Perceber a ascensão e "queda" do ex-presidente Lula me entristeceu consideravelmente. Ao rever os últimos momentos que antecederam sua prisão, tive a sensação que Lula não foi e não está preso sozinho, parece que acompanhamo-nos sem perceber. Quando foi decretada a prisão pelo ex-juiz Sérgio Moro, 7 abril de 2018, Lula disse: “Eu não sou um homem, sou uma ideia”. É provável que essa ideia de Lula acompanhado, ou Lula nos acompanhando, tenha sido aflorada, também, pelos inúmeros relatos que Democracia em Vertigem apresenta, quando traz várias pessoas que tiveram suas vidas transformadas por políticas públicas do governo Lula. Uma senhora diz: “Eu sou analfabeta, mas minha filha faz faculdade”. Isso se chama reconhecimento.
Entristece acompanhar no documentário, e atestar no cotidiano, a representação de muitas pessoas que foram beneficiadas pelas políticas implementadas pelo Partido dos Trabalhadores comemorarem a prisão continuada do ex-presidente. No ditado popular esse comportamento é entendido como; "Cuspir no prato que comeu". Então, não surpreendente, porque nos últimos anos os brutos reinam e gratidão se tornou uma ação em desuso no Brasil.
Porém, importante ressaltar, o documentário não é somente elogios ao Partido dos Trabalhadores e suas figuras históricas, Dilma e Lula em especial, também tece importantes críticas, podendo ser destacada às alianças que o PT fez para ter governabilidade, quando, com isso, se distanciou de suas bases sociais. Essa crítica é muito bem construída pelo ex-ministro Gilberto Carvalho.
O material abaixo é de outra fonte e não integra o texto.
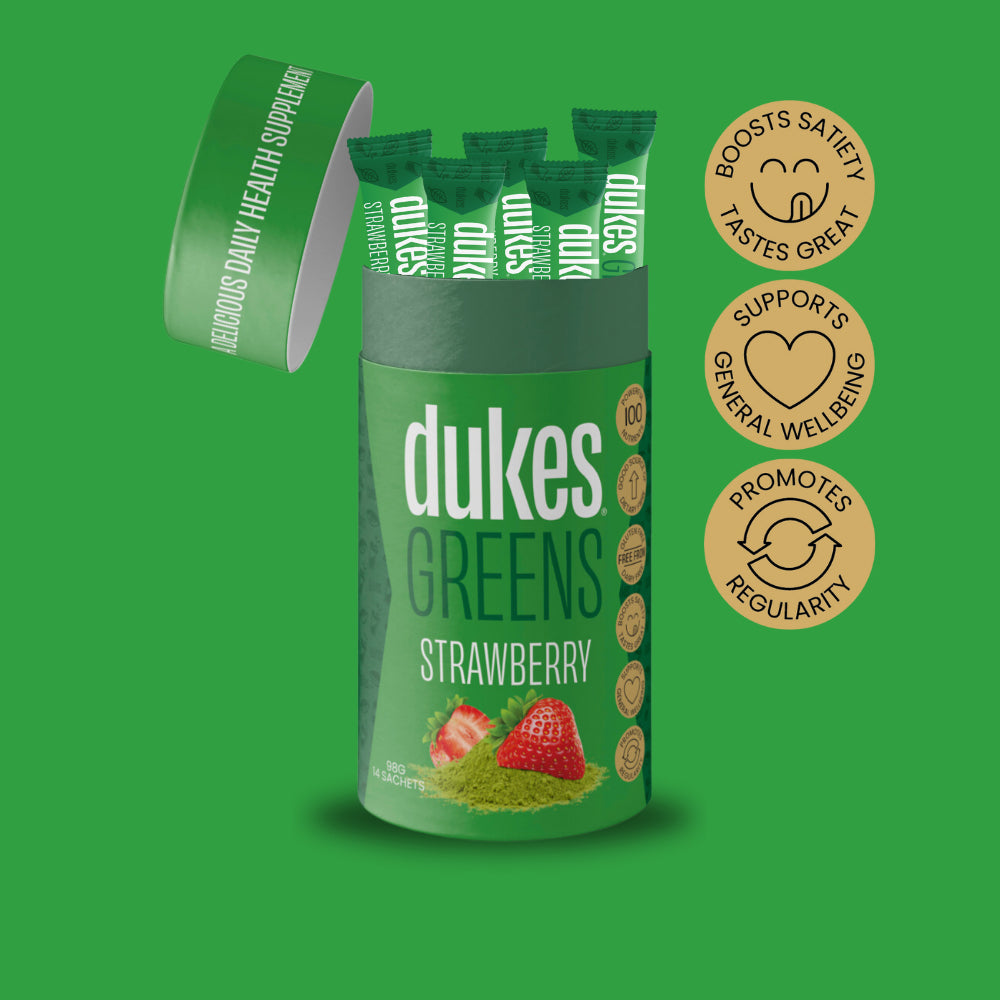Tube of Dukes Greens Strawberry Flavour showing sachets. Badges on the side reading: Boosts Satiety, Supports General Wellbeing, Promotes Regularity.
Os erros do Partido dos Trabalhadores também explicam a ascensão de Bolsonaro, e o documentário é muito feliz ao tatear essa questão que é tão delicada para parte da esquerda.
Petra Costa nos ajuda a compreender que a nossa realidade não é fruto somente do agora, mas do ontem e do anteontem. Parece óbvio, mas não é. Porém, sem ser taxativa, quanto à relação passado/presente, a diretora deixa margem para entender que o presente tem suas peculiaridades, por mais que a peculiaridade brasileira seja, nesse momento, assustadora. Não é demasiado afirmar que somos o único país no mundo que elegeu, por meio da democracia, alguém que historicamente sempre se posicionou contrário ao sistema democrático.
Diante de um cenário que está fazendo de tudo para apagar o passado, Democracia em Vertigem aparece como meio para fazer com que esse passado não se apague, deixando um legado para o tempo presente, e principalmente para as gerações vindouras. Quando, daqui algumas décadas, voltarmos para apresentar o Brasil após a redemocratização até os idos de 2019, indubitavelmente, Democracia em Vertigem será uma fonte indispensável.
Mais do que trazer certezas, Democracia em Vertigem angustia, entristece, emociona, e emudece. Porém, também compadece da dor dos/as angustiados/as, principalmente quando traz como alento, o que nos resta, a saber, as dúvidas. Ao vê-lo, tenho a leve sensação que a arte nos salvará.